A Notebook to process the responses file and create a json file with one dataset and a pair of ranked specs.

In [2]:
import pandas as pd
import numpy as np
import json
import itertools
import scipy.stats as stats
import math

%matplotlib inline

In [3]:
before_normalization = pd.read_csv('../responses_data/responses.csv')

# multiple entropy by log_2(20) to remove the normalization that was performed
before_normalization['Q1_entropy'] = before_normalization['Q1_entropy'] * math.log2(20)
before_normalization['Q2_entropy'] = before_normalization['Q2_entropy'] * math.log2(20)

  interactivity=interactivity, compiler=compiler, result=result)


In [4]:
# pd.concat([before_normalization['Q1_entropy'], before_normalization['Q2_entropy']]).describe()
# pd.concat([before_normalization['Q1_entropy'], before_normalization['Q2_entropy']]).plot.hist()

In [5]:
# normalize the data by ensuring that entropy q1 <= entropy q2.

# to_swap = before_normalization[before_normalization['Q1_entropy'] > before_normalization['Q2_entropy']]
# no_swap = before_normalization[before_normalization['Q1_entropy'] <= before_normalization['Q2_entropy']]

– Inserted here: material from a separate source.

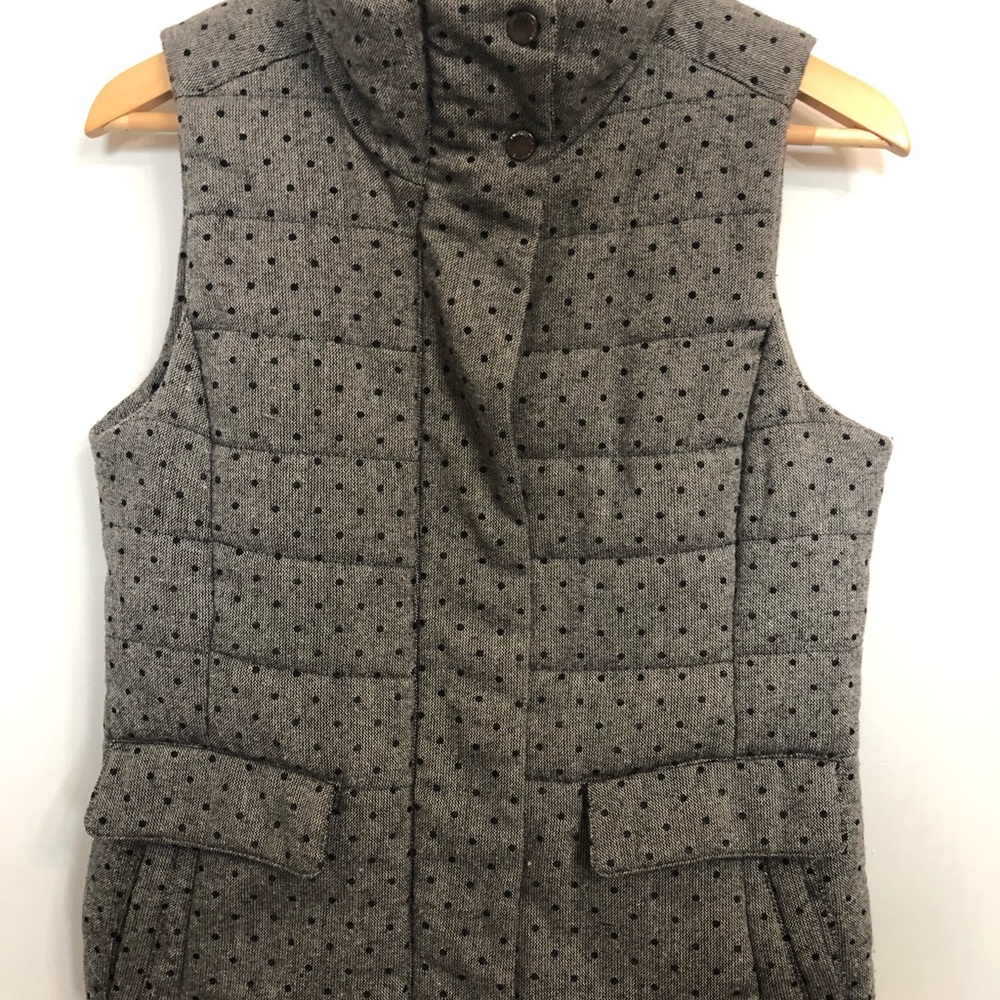Polka Dot Puffy Vest - Picture 2 of 4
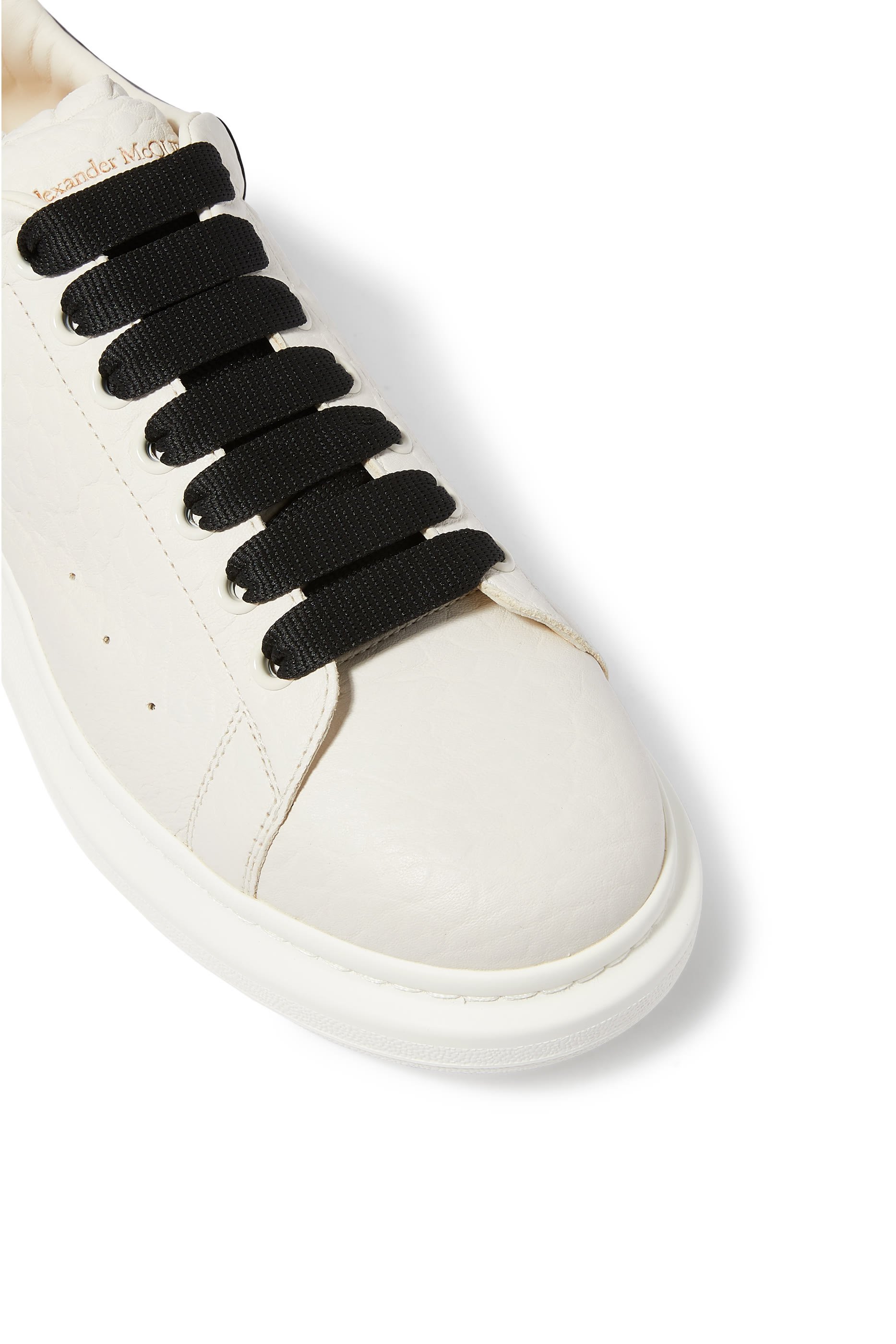 سنيكرز بنعل سميك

# swapped = to_swap.rename(index=str, columns={
#     'Q1_entropy': 'Q2_entropy',
#     'Q2_entropy': 'Q1_entropy',
#     'Q1_channel': 'Q2_channel',
#     'Q2_channel': 'Q1_channel',
#     'Q1_entropy_class': 'Q2_entropy_class',
#     'Q2_entropy_class': 'Q1_entropy_class'
# })

# normalized = pd.concat([no_swap, swapped])

normalized = before_normalization

In [6]:
np.unique(normalized.taskGroup)

array(['compareAggregatedValue', 'compareValue', 'findExtremum',
       'readValue'], dtype=object)

In [7]:
# rename tasks into our taxonomy
normalized.taskGroup.replace({
    'findExtremum': 'extremum',
    'readValue': 'value',
    'compareValue': 'compare',
    'compareAggregatedValue': 'derived'
}, inplace=True)

In [22]:
np.unique(normalized.taskGroup)

array(['compare', 'derived', 'extremum', 'value'], dtype=object)

In [10]:
# limit to one task

# normalized = normalized[normalized['taskGroup'] == 'readValue']
len(normalized)

184320

In [11]:
# put entropy into quantiles (low, high)

normalized['Q1_entropy_group'] = pd.qcut(normalized['Q1_entropy'], 2, labels=["L", "H"])
normalized['Q2_entropy_group'] = pd.qcut(normalized['Q2_entropy'], 2, labels=["L", 'H'])

# entropy_cut = 0.3
# normalized.loc[normalized['Q1_entropy'] > entropy_cut, 'Q1_entropy_group'] = 'H'
# normalized.loc[normalized['Q1_entropy'] <= entropy_cut, 'Q1_entropy_group'] = 'L'
# normalized.loc[normalized['Q2_entropy'] > entropy_cut, 'Q2_entropy_group'] = 'H'
# normalized.loc[normalized['Q2_entropy'] <= entropy_cut, 'Q2_entropy_group'] = 'L'

In [12]:
gb = normalized.groupby([
    'taskGroup', 'cardinality', 'nPerCategory',
    'Q1_channel', 'Q2_channel', 'name_channel',
    'Q1_entropy_class', 'Q2_entropy_class',
#    'Q1_entropy_group', 'Q2_entropy_group'
])

In [13]:
row = normalized.iloc[0]
# row

In [24]:
def parse(group):
    cardinality = int(group['cardinality'].iloc[0])
    num_rows = cardinality * int(group['nPerCategory'].iloc[0])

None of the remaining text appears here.